Because I hope to shift your focus from inclusion to something that truly helps disabled kids feel a part of things and that is accommodation.
WHAT'S ALL THIS ABOUT ACCOMMODATION?
Everybody needs accommodations.
As nondisabled people, though, you don't need to think about all the ways you are automatically accommodated in society. You can get into buildings. Into bathrooms. Doorways are usually wide enough for you to fit through without trouble. You can play sports if you want to. You can travel without worrying if you'll be able to bathe or get into bed in the hotel. Without worrying that your way of moving through the world might not arrive with you at your destination. That it might arrive broken.
When your kid with a disability is out in the world, they are in a place that is not built for them. And just because inclusion is the policy does not mean your child will be included. It does not mean they will feel included.
As a kid, I didn't always know what kind of accommodations I needed in a given situation. I just wanted to be able to participate in as similar a way to everybody else as possible.
WHAT CAN YOU DO?
If Possible, Send Adaptive Equipment Options on Gym Days:
If your child uses various adaptive equipment, and it's possible for you, consider sending options with them to school on gym days. That way, if they're watching a movie in gym class, your kid having their crutches wont be a big deal. But if they're playing kickball, they'll have their walker. And if the kids are playing floor hockey, your kid can have the stability of being in their wheelchair.
Communicate with Your Kid's Teacher(s):
Let your child's teachers know about your whole child. How they best learn. What they need to be successful in the classroom. If your child has an IEP, check that it is being followed.
Communicate with Your Kid:
Ask them what works best for them in a given situation and take them seriously when they tell you. Work on skills like asking for help when necessary and regular kid stuff, like how to ask another kid to play with them. (Sometimes this social stuff gets missed when your kid has a disability.) You can do this by playing. Have your child's doll or action figure ask yours if they want to play.
When Possible, Give Your Kid a Heads Up About What is Coming Next:
If science class means your kid is going to be going outside during class, that's something your kid will want to know so they can start thinking about how they can adapt. They may need time to get used to the idea of doing something new.
If there will be a field trip or any new environment that your child will need to navigate, ask their teacher about the possibility of sending a video or pictures. (Is your kid going on a field trip to somewhere that has a website?

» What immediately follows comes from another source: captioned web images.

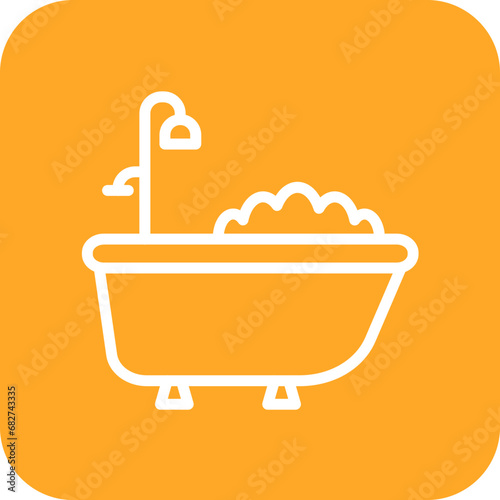 Bathtub Icon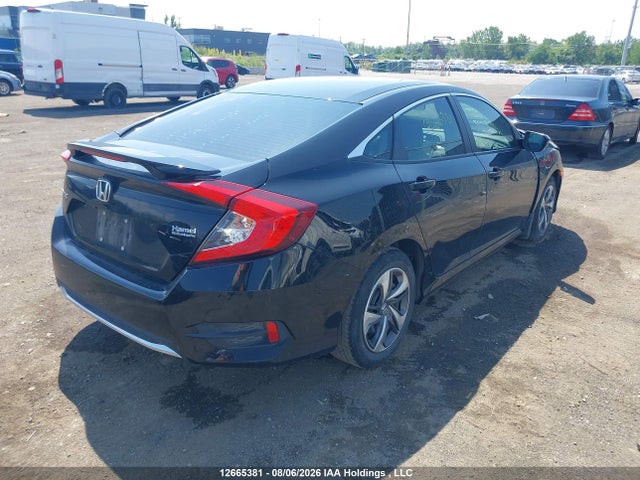 Honda Civic Lx 2020 2HGFC2E50LH032109 Image 4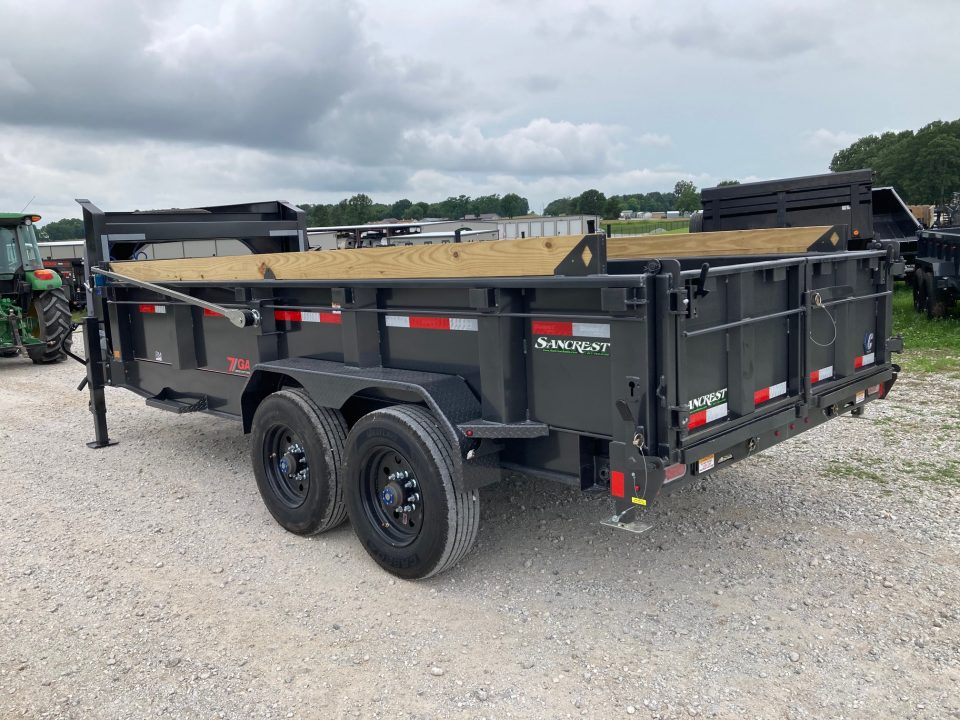 New 2026 Diamond C Trailers 82X16 TANDEM 20K GN TELESCOPIC DUMP W/ 24" SIDES, 7GA FLOOR, SLIDE IN RAMPS & SOLAR Dump Trailer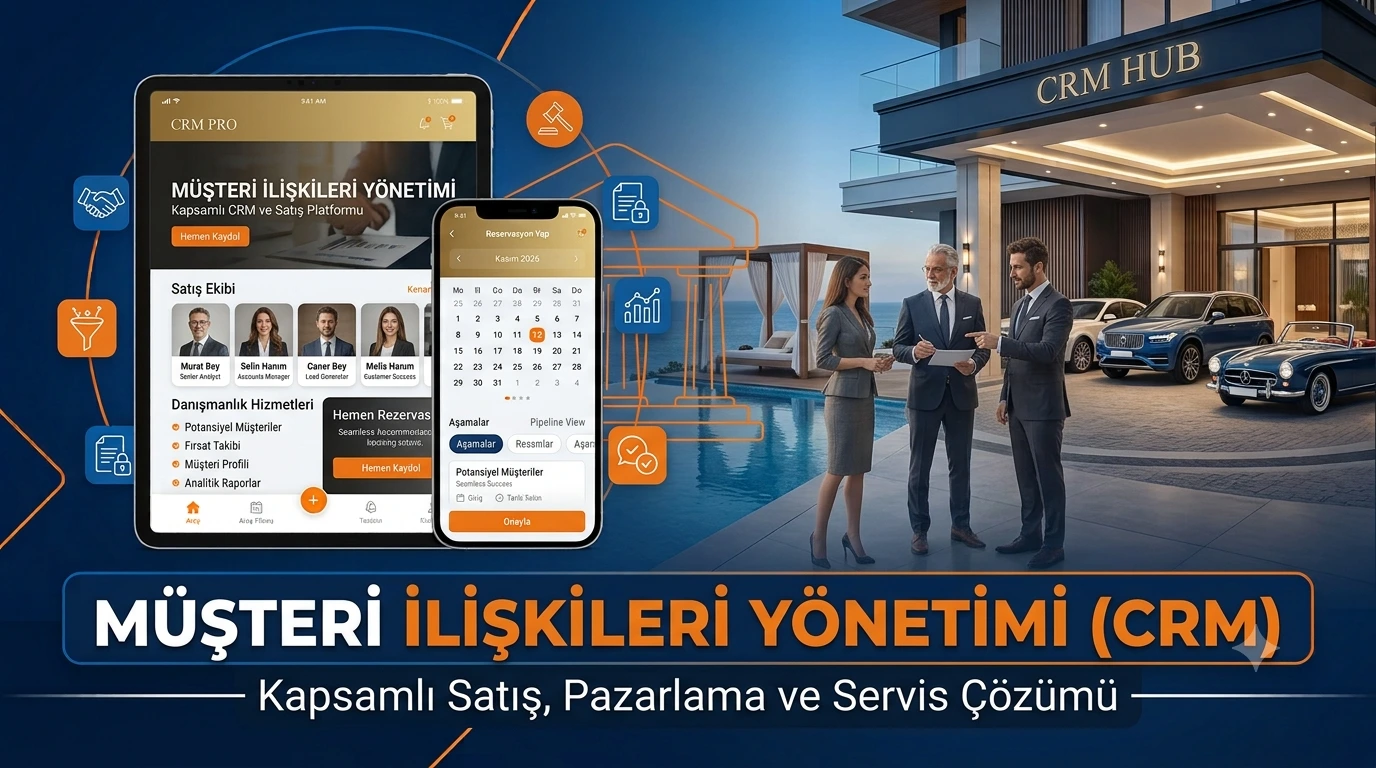 CRM  Yazılımı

Ask for that, and look at pictures and videos with your child.) For nondisabled people, who have no trouble navigating in a new environment, you likely don't need a heads up about these things because you already know things will work for you.

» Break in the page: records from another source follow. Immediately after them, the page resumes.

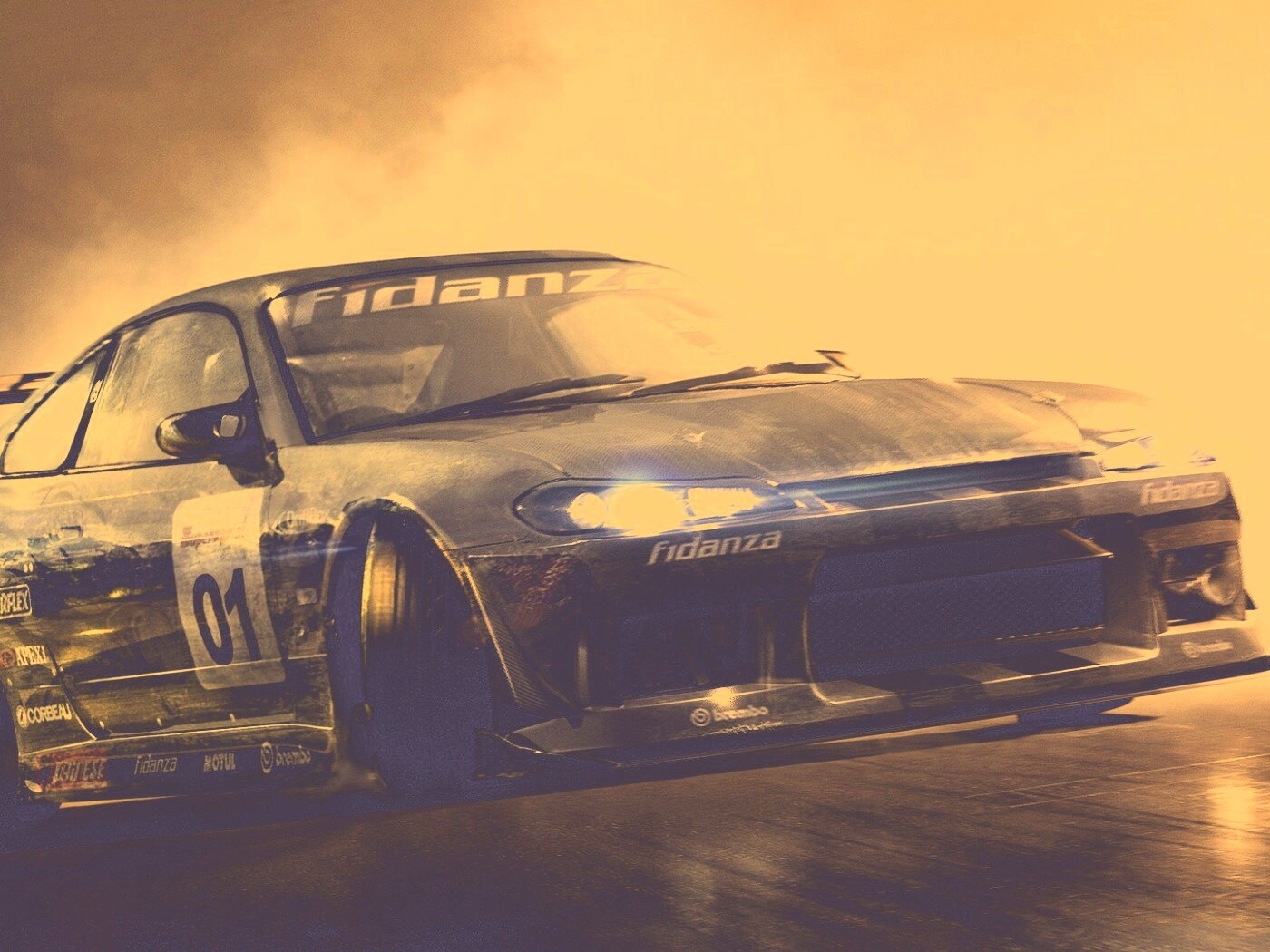 Гоночный автомобиль обои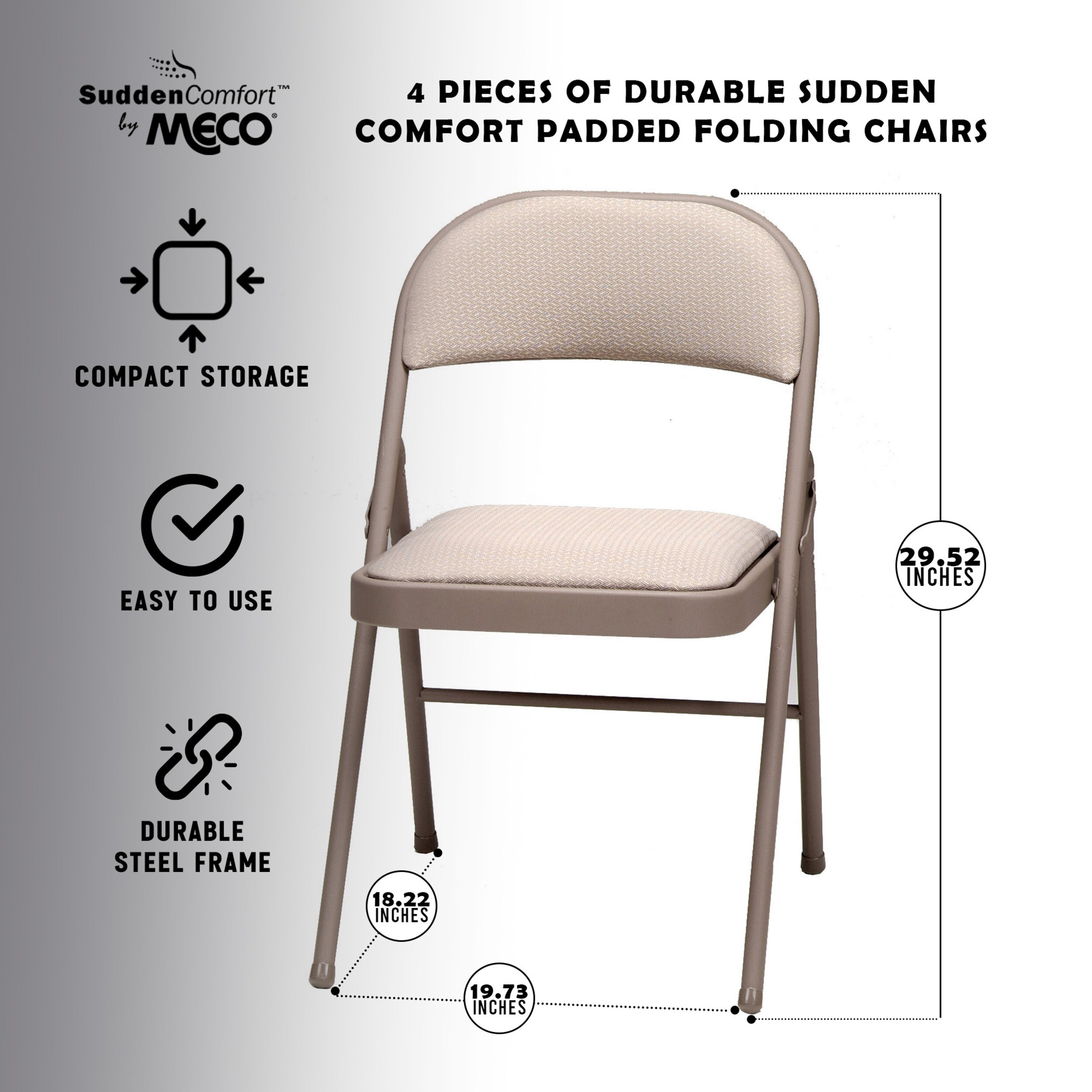 Meco Corporation 188686 Folding-Chairs - View #3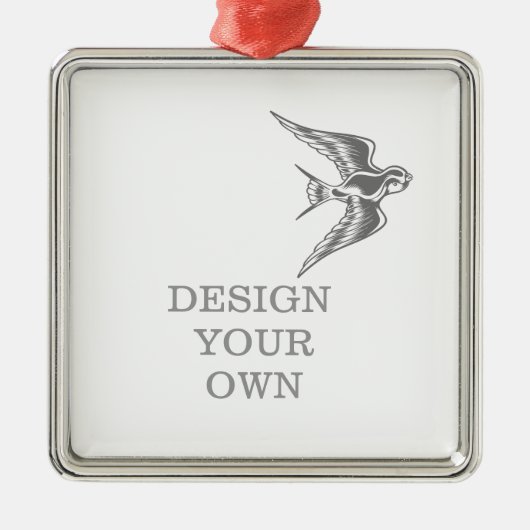 Confirmation Dove Oranament メタルオーナメント (正面)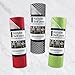 DII Fridge & Shelf Liner Collection Non-Adhesive, Cut to fit, Machine Washable, 12x20, Black Dots, 2 Piece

Being able to see physical places and details beforehand can help you and your child figure out ways they can move from place to place in as stress-free a way as possible.
Find Ways for People at School to Meet Your Child Where They Are:
Know that just being in a classroom with typical kids is not enough. Your kid is going to want to feel wanted there. Welcomed there. But often your kid might be left out. One of the best things other kids can do is to ask yours if they want to play or be in their group for a project.

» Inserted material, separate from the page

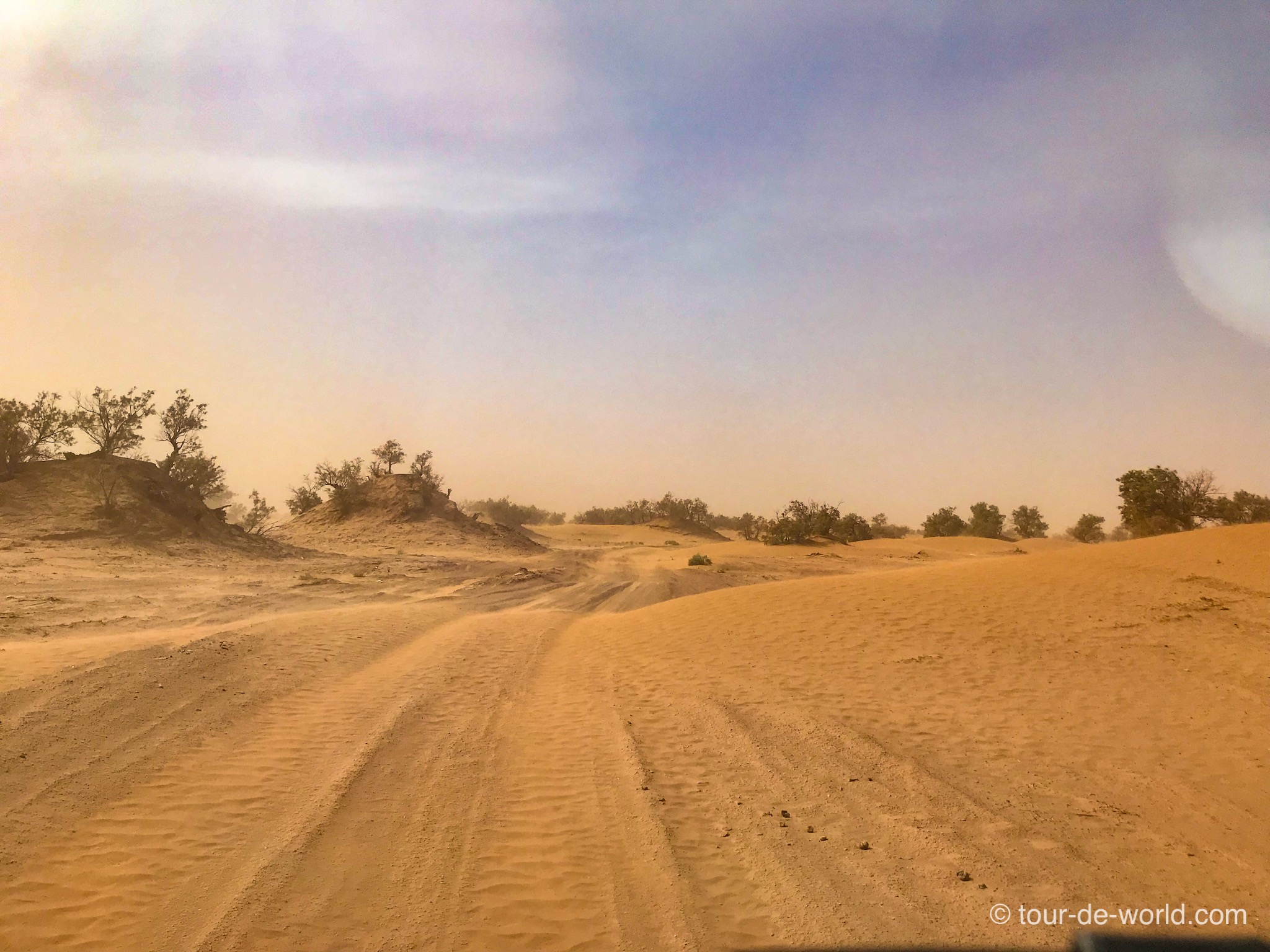 Sandwüste-Marokko-Fahrt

If your kid is comfortable, you could go in and speak to the class about your whole child. Addressing disability is necessary, but so is discussing all the ways your child is just like the other kids in class. Normalize disability and emphasize it is not sad. That your child is used to living the way they do, and it feels normal for them.
|[I love this picture, because it shows just how seamless accommodating can be. My sis and I are 16 months old. I'm in a baby walker, and my sis is standing next to it, having brought a doll for us to play with together.]|
No More, No Less:
Keep in mind that, likely, all your kid with a disability wants is to experience school in as similar a way to their peers as possible. No more, and no less. So keep that in mind when considering accommodations.
Ask yourself questions:
What is the goal?
What accommodations does my child need to successfully attempt or accomplish this goal?
Involve your child in these conversations.
If your child is nonverbal, know it is still possible to include them in conversations that concern them. You may have to rephrase questions (maybe to a yes/no format, for example). Remember that behavior is communication. And remember that your child may need time to process your questions and / or think about what their answers are.
But as your child is the one who needs the accommodations, don't forget to involve them. Listen. And respect whatever they are able to communicate.
Accommodating your child's needs communicates respect for them, whereas inclusion often feels like it is rooted in a reluctant sense of duty. I think all of us would always rather be treated with dignity, than as an obligation. I hope these tips help you make the world a bit more accessible for your child.